「宍戸さん!」
「長太郎…」
昊罹のところに行くとうっかりこぼしたら、長太郎も行くといいだしたから、せっかくだしつれていくことにした。
つーか教室まで来なくても下駄箱にいれば良かったんじゃね?長太郎がこっち通ったら遠回りになるし。
「俺がそっちに行ったのに」
「そんな!宍戸さんに悪いですよっ」
「まぁ来ちまったもんはしゃあねえな…行くか?」
「はいっ」
「宍戸!長太郎!」
バッグを肩にかけ直したとき、岳人に見つかった。
見つかったからどうなんだってこともねぇけど。
「二人でどこ行くんだよ!」
「あ?岳人か」
「螺々空先輩に会いに行くんですっ」
「なるほど」
「岳人も来るか?」
「…いや、いいや。今日はゲームする約束してるから」
「弟か?」
「あぁ。悪いな」
「なにがだよ」
「引き止めて?ま、昊罹によろしくな」
「おう」
相変わらず跳ねてるな。
「宍戸さん」
「…行くか」
「はい」
病院に着くまでは、楽しみだったんだ。
何を話そうとか長太郎と話して、明日や来年なんて考えないで今日のことばっかりだった。

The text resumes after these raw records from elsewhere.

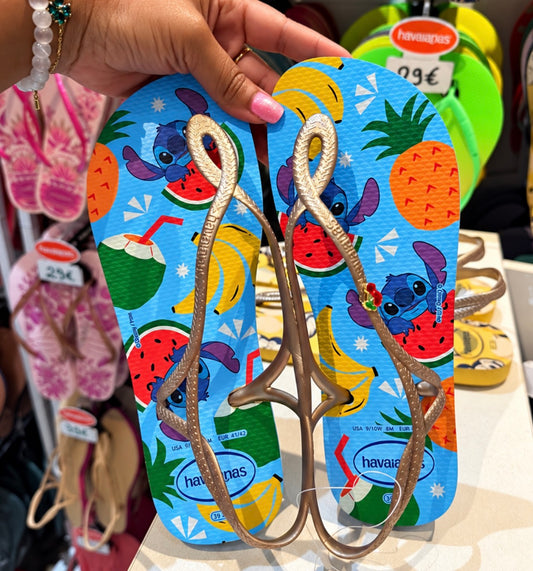 Havaianas Luna Stitch Blue Gold
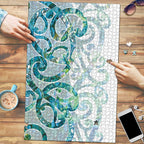 Paua Shell Maori Puzzle Koru Kowhaiwhai - Aussie Hoodie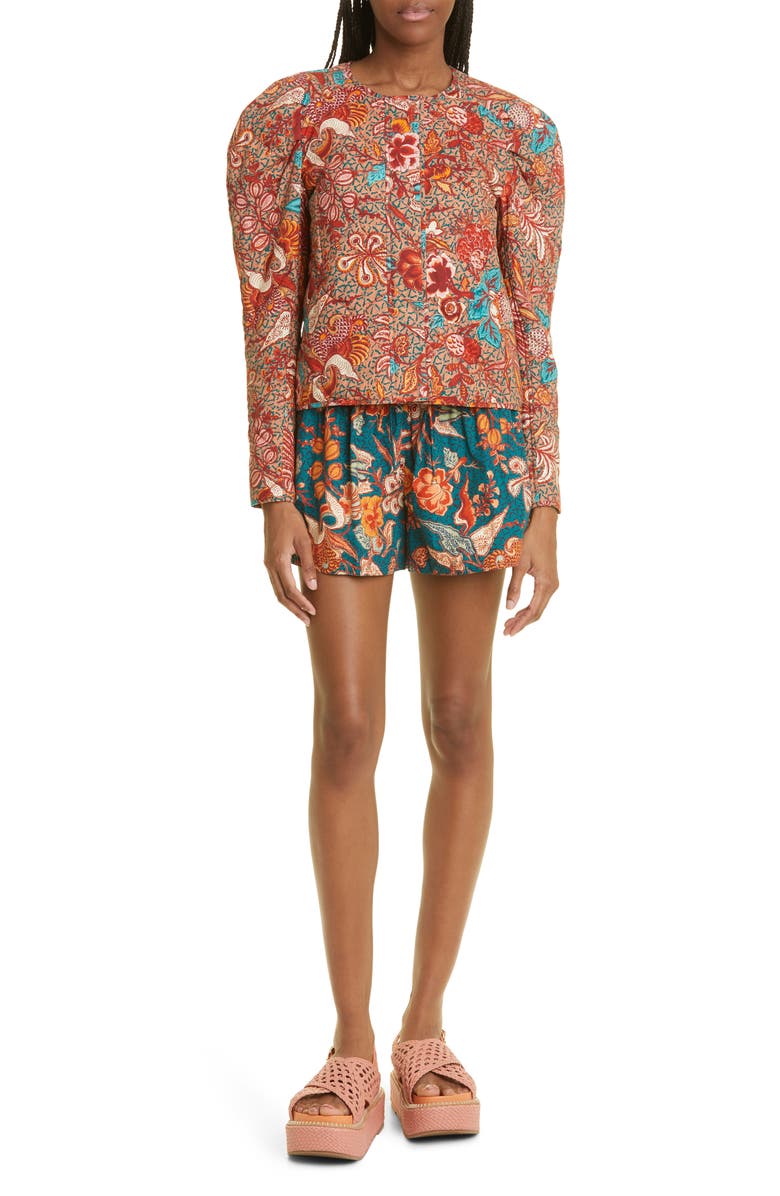 Ulla Johnson Esti Print Quilted Cotton Jacket, Alternate, color, 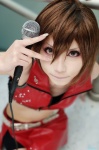 cosplay croptop default_costume houtou_singi meiko microphone miniskirt skirt vocaloid rating:Safe score:2 user:nil!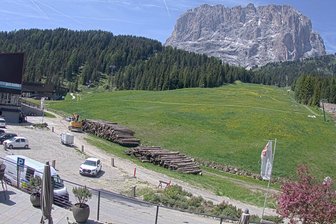Webcam da Plan de Gralba verso il Sassolungo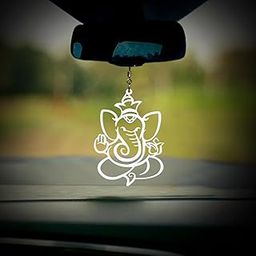 Ganesha Car Hanging White, Dream Catcher for car, Car Mirror Hanging Accessories Interior, Hanging for car, Car Decoration Accessories.-image-26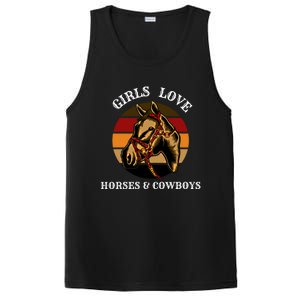 Horse Lovers  Love Horses And Cow Western Lover Gift PosiCharge Competitor Tank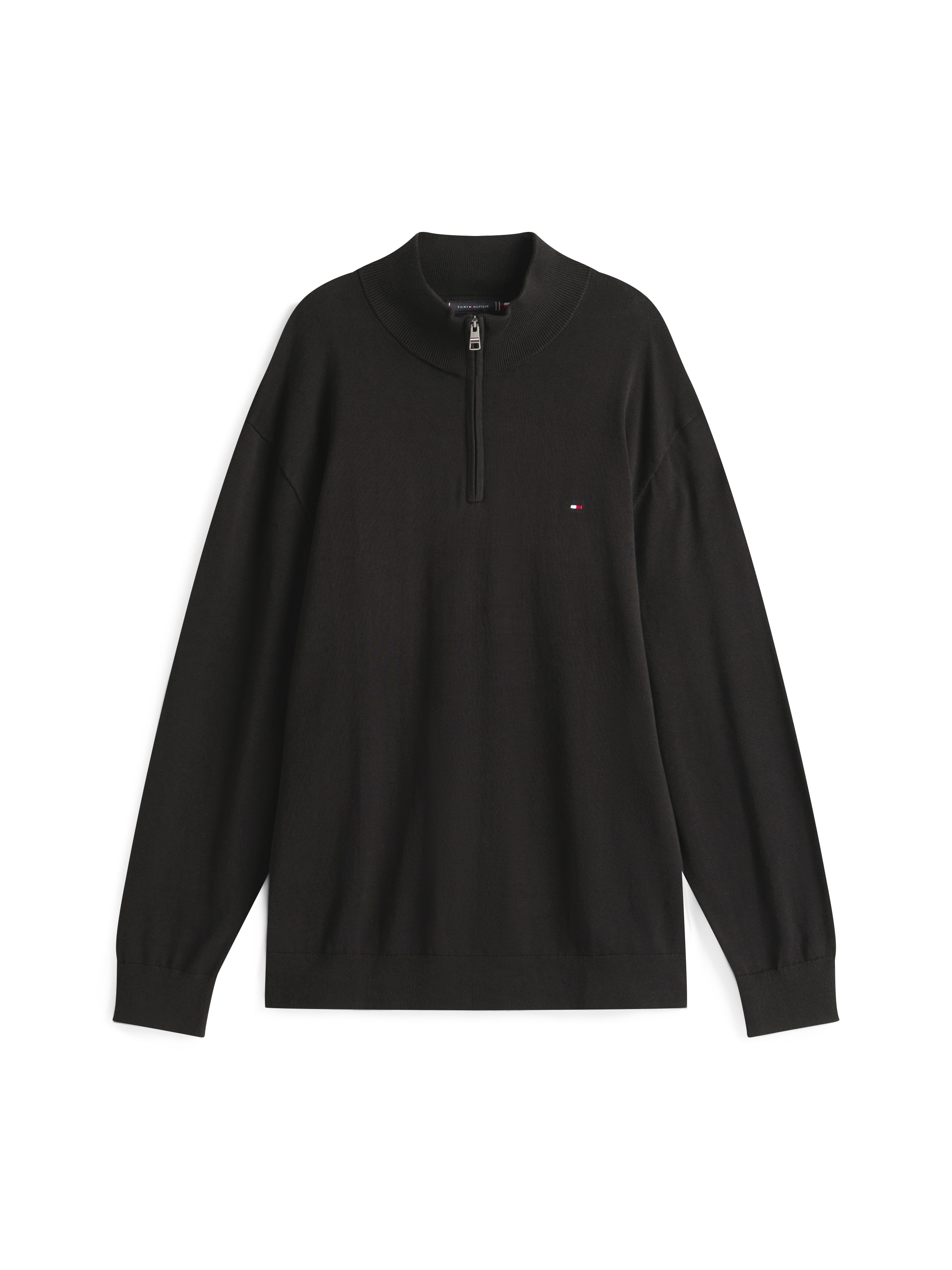 Tommy Hilfiger Big & Tall Stehkragenpullover »BT-ESSENTIAL COTTON ZIP MOCK-B«, Großen Größen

だって、どんなに頑張っても、今の昊罹には今日しかねえから。
「螺々空さんの面会に来たんですけど」
「螺々空さんでしたら退院されましたよ」
「…は?」
「昨日退院されてます」
なんだそれ。
「…お知り合いで?」
「あら。あなたたち、昊罹ちゃんのお友達よね?」
「え?はい…」
「私昊罹ちゃんの担当だったのよ。代わるわ」
「お願いね」
「今日はどうしたの?」
「この間、水曜にもう一度来るって言ったので…」
「来てみたらいなかった、と」
「はい」
水曜に来るって言ったじゃねぇか。
手帳にもちゃんと書いてたじゃねぇか。
なんでいねぇんだよ…
「詳しくは私にもわからないけど、なんだか急いでたみたいよ?急に退院が決まって、そのまますぐ」
「そうですか…」
なんだよそれ。
「長太郎、帰るぞ」
「あ。宍戸さん?!すみません、ありがとうございました」
「気をつけて帰ってねっ」
「ありがとうございます!」
なに考えてんだよ昊罹。お前の考えてることがぜんぜんわかんねぇよ。